# Exercise
Every line from the one containing "Corvallis city directory" to the one containing "Gold Epsom Leather" in the records below, both included, must be set down exactly, and no other line.

# Material provided

________________________________________

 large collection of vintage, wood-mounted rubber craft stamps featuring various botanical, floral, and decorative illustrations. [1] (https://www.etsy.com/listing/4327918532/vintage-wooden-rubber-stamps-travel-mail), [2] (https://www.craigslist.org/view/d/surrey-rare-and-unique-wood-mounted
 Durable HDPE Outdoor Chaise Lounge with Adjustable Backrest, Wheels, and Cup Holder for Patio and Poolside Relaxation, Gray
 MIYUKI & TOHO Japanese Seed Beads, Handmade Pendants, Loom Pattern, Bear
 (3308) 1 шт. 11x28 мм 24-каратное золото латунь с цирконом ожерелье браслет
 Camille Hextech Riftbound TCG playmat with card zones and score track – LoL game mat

________________________________________

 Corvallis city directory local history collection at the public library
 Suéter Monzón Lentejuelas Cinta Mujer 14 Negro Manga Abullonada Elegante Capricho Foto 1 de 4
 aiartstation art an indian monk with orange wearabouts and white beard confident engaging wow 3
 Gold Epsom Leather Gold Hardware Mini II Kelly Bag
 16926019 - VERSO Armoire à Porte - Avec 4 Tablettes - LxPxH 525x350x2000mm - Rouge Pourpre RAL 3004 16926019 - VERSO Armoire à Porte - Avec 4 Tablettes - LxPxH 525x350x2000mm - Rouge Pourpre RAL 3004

________________________________________

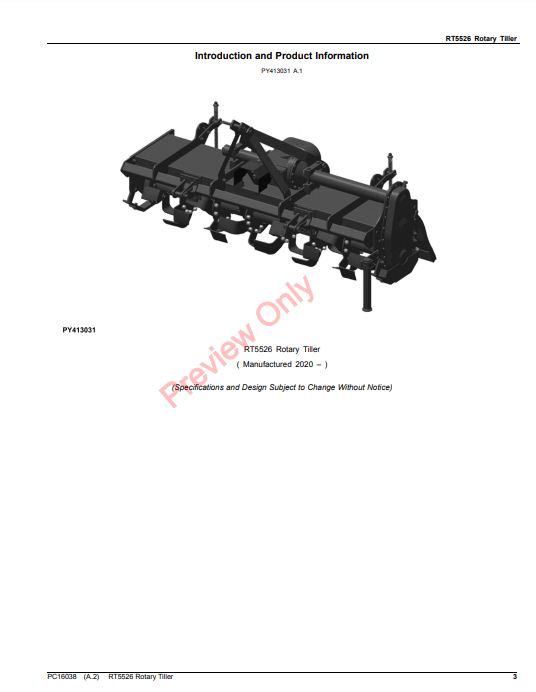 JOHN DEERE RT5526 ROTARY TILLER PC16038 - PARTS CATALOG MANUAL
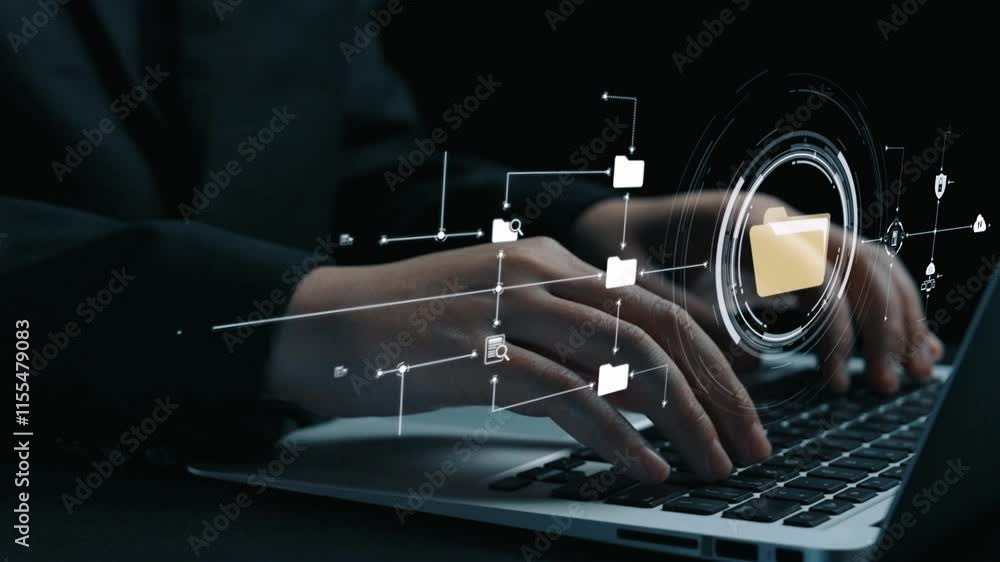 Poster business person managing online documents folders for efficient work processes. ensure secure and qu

________________________________________

# Task response
 Corvallis city directory local history collection at the public library
 Suéter Monzón Lentejuelas Cinta Mujer 14 Negro Manga Abullonada Elegante Capricho Foto 1 de 4
 aiartstation art an indian monk with orange wearabouts and white beard confident engaging wow 3
 Gold Epsom Leather Gold Hardware Mini II Kelly Bag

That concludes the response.